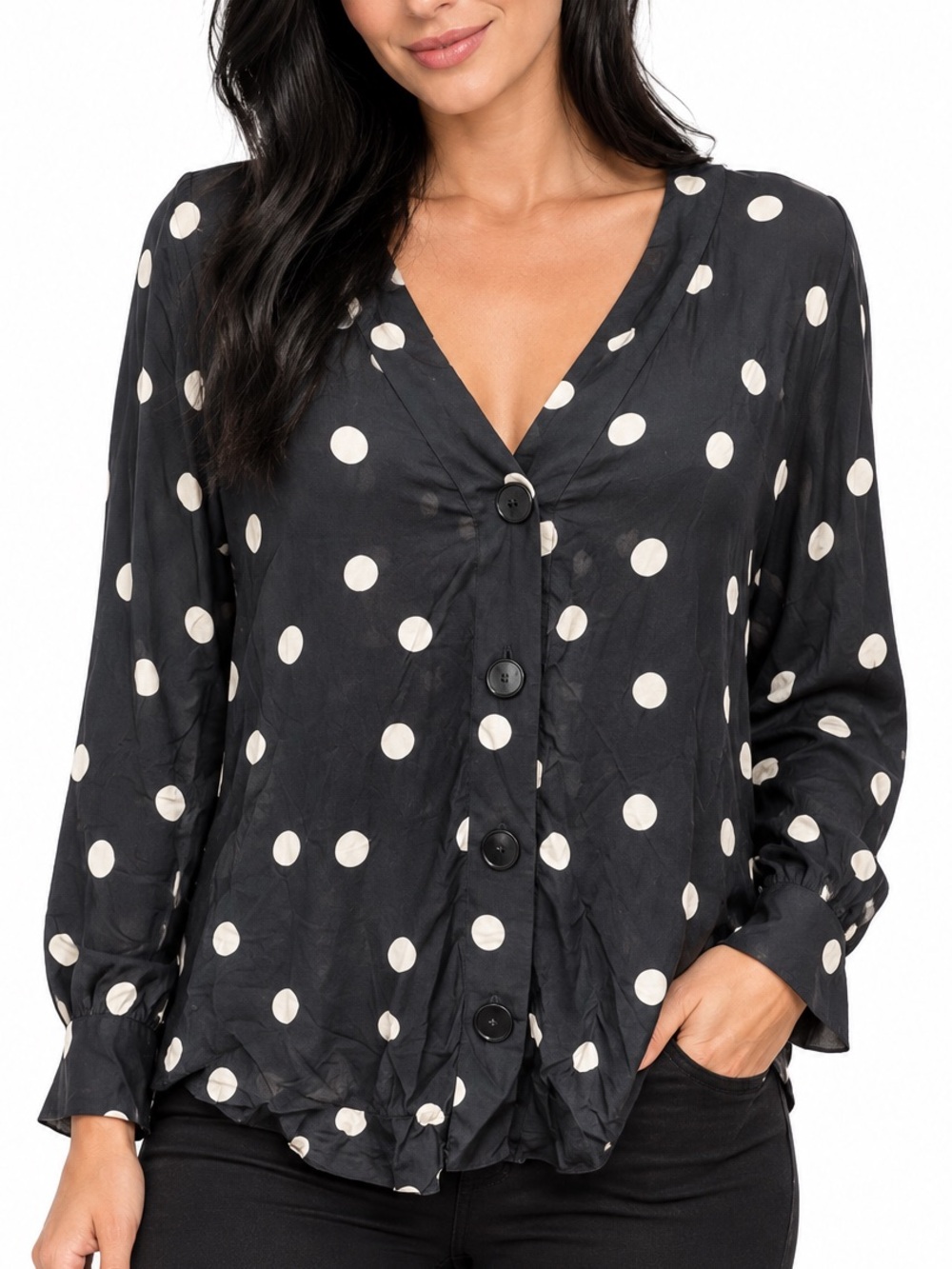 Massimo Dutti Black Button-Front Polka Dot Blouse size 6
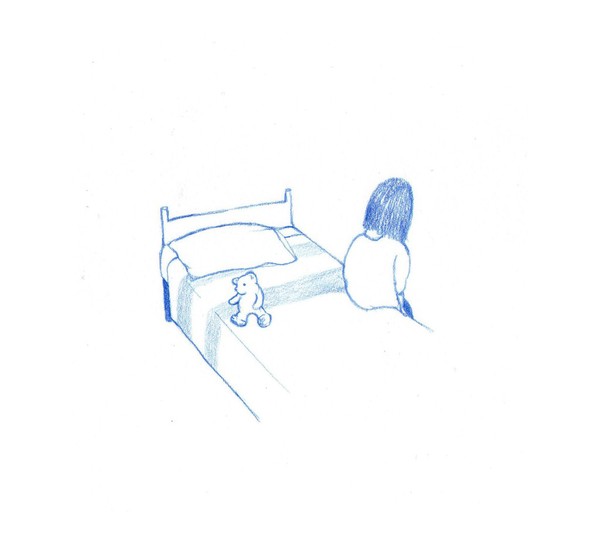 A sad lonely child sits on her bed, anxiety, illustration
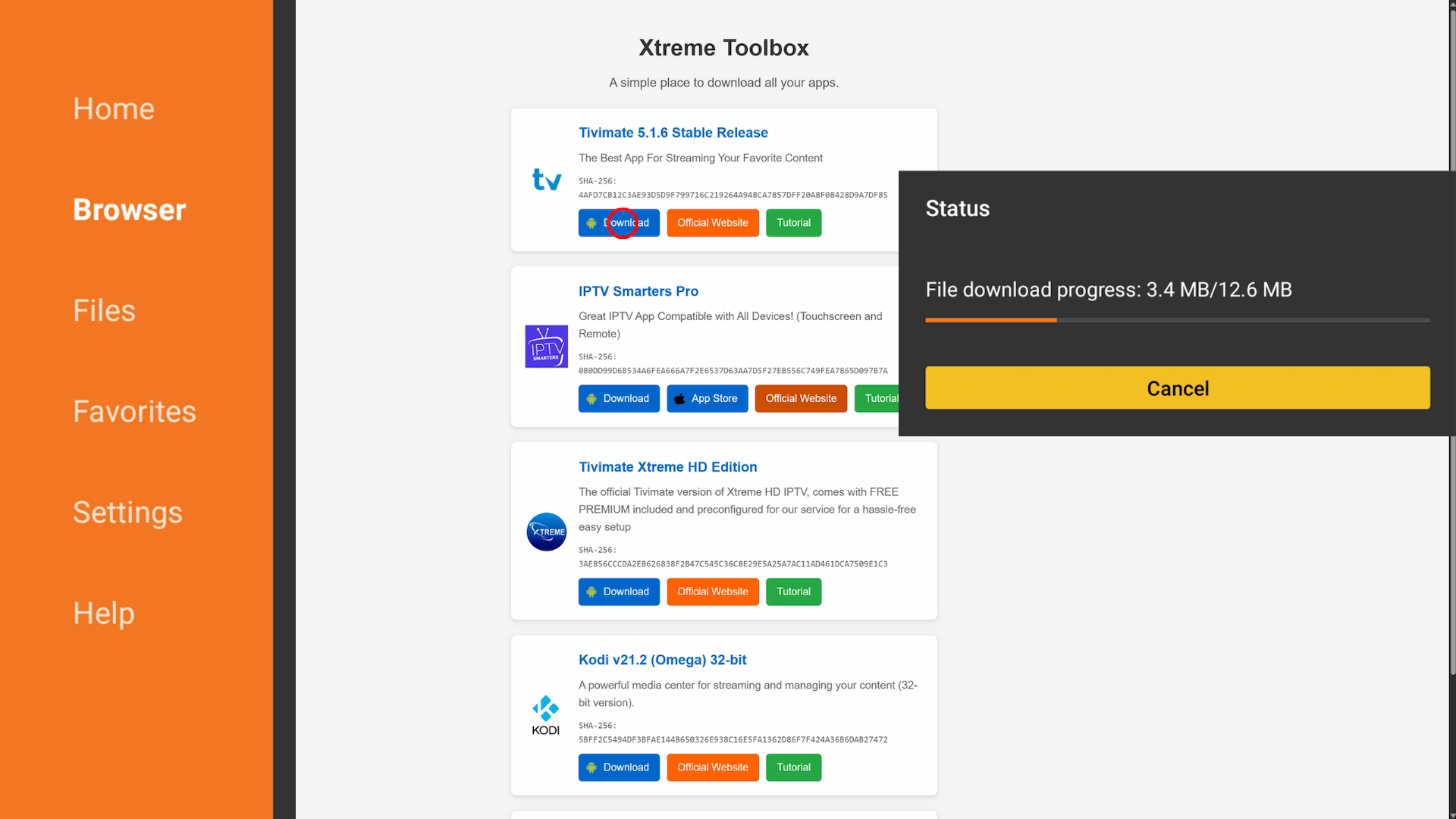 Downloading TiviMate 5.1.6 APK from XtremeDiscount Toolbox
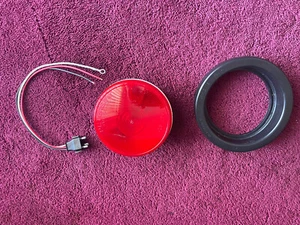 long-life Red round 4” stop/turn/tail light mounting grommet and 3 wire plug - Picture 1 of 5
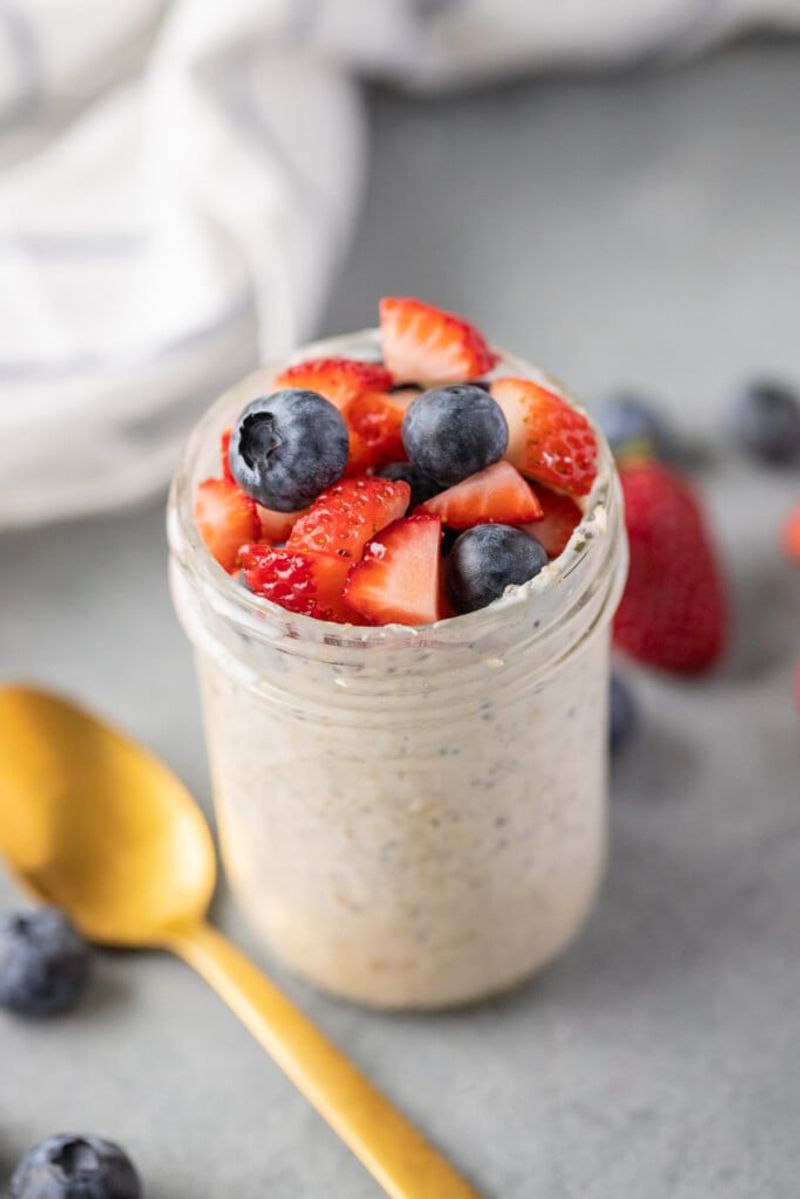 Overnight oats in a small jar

Exercise objective:
The entries above are to be copied exactly, with every picture left out.

Answer for the task:
 Massimo Dutti Black Button-Front Polka Dot Blouse size 6
 A sad lonely child sits on her bed, anxiety, illustration
 Downloading TiviMate 5.1.6 APK from XtremeDiscount Toolbox
 long-life Red round 4” stop/turn/tail light mounting grommet and 3 wire plug - Picture 1 of 5
 Overnight oats in a small jar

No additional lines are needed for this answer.